*Data items*.
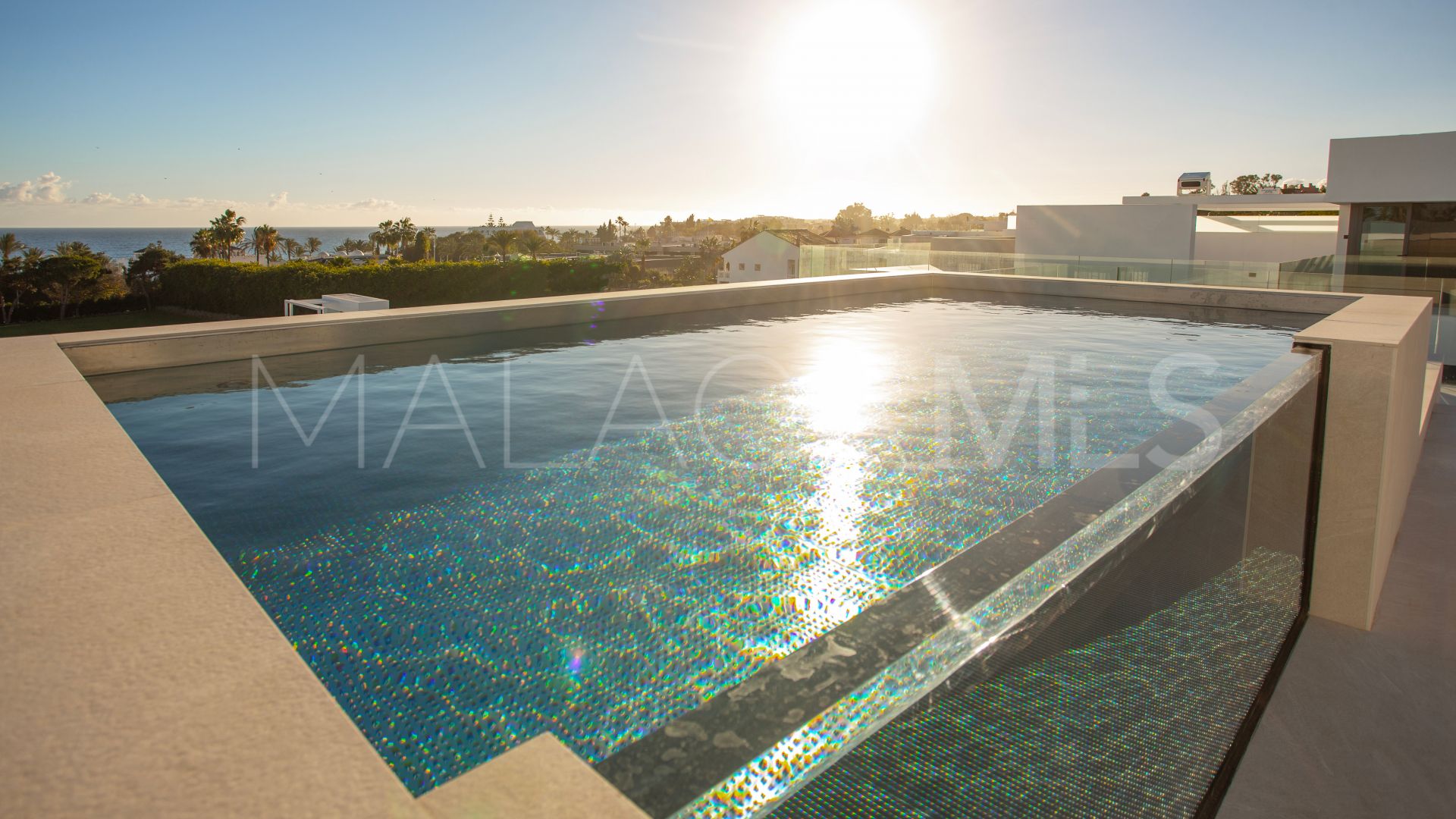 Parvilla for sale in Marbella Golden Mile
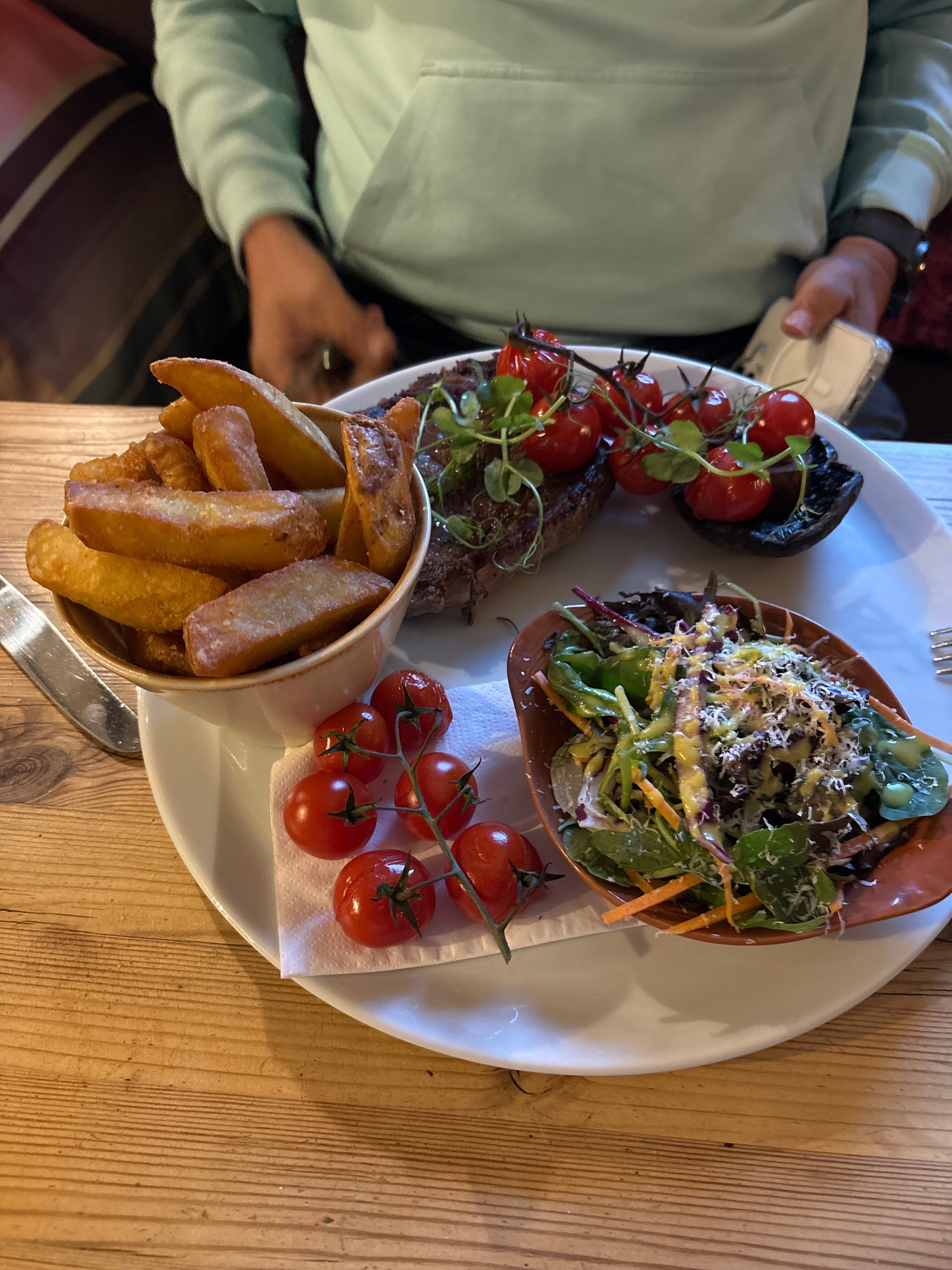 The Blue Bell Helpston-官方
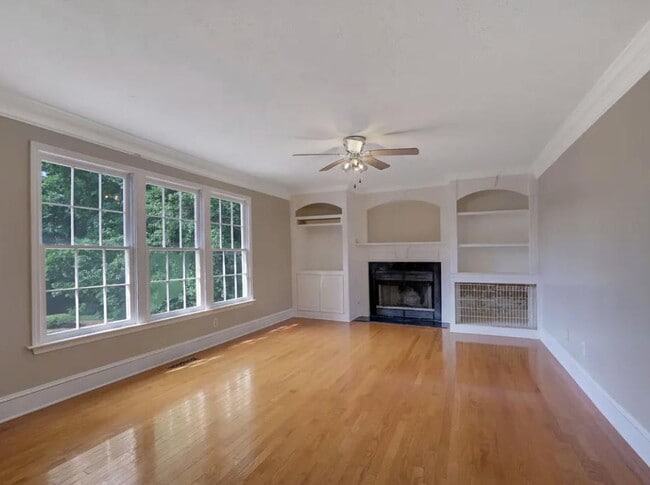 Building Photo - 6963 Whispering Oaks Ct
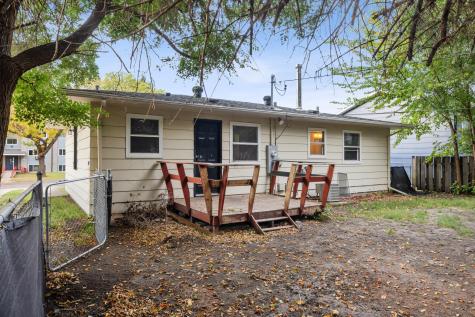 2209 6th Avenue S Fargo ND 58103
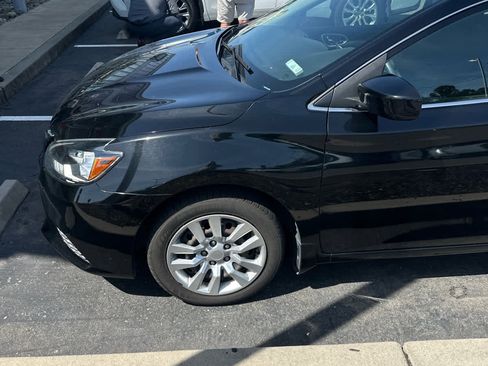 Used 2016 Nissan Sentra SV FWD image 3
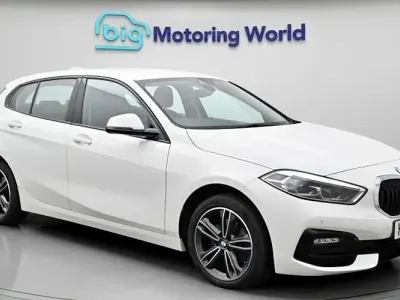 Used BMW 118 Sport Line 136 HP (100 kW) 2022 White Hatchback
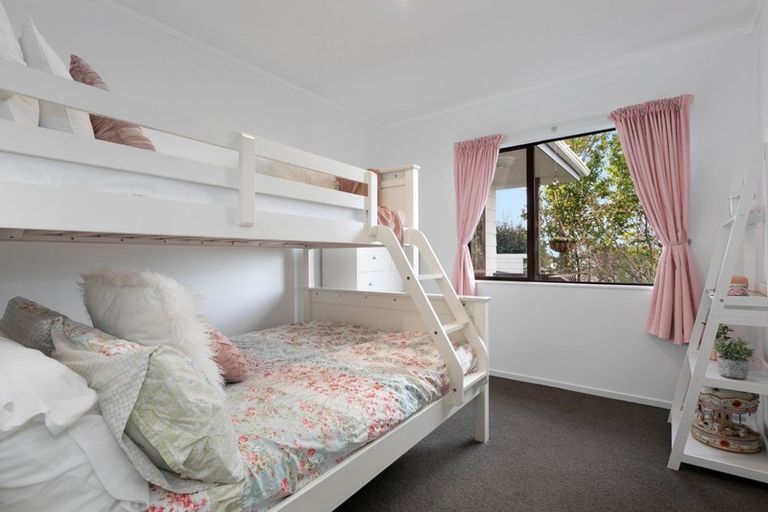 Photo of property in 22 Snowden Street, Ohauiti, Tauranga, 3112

*PROBLEM TO SOLVE*.
Excluding all pictures, output exactly the lines from the line containing "The Blue Bell Helpston-官方" through the last line of the entries above.

*RESULT BELOW*.
 The Blue Bell Helpston-官方
 Building Photo - 6963 Whispering Oaks Ct
 2209 6th Avenue S Fargo ND 58103
 Used 2016 Nissan Sentra SV FWD image 3
 Used BMW 118 Sport Line 136 HP (100 kW) 2022 White Hatchback
 Photo of property in 22 Snowden Street, Ohauiti, Tauranga, 3112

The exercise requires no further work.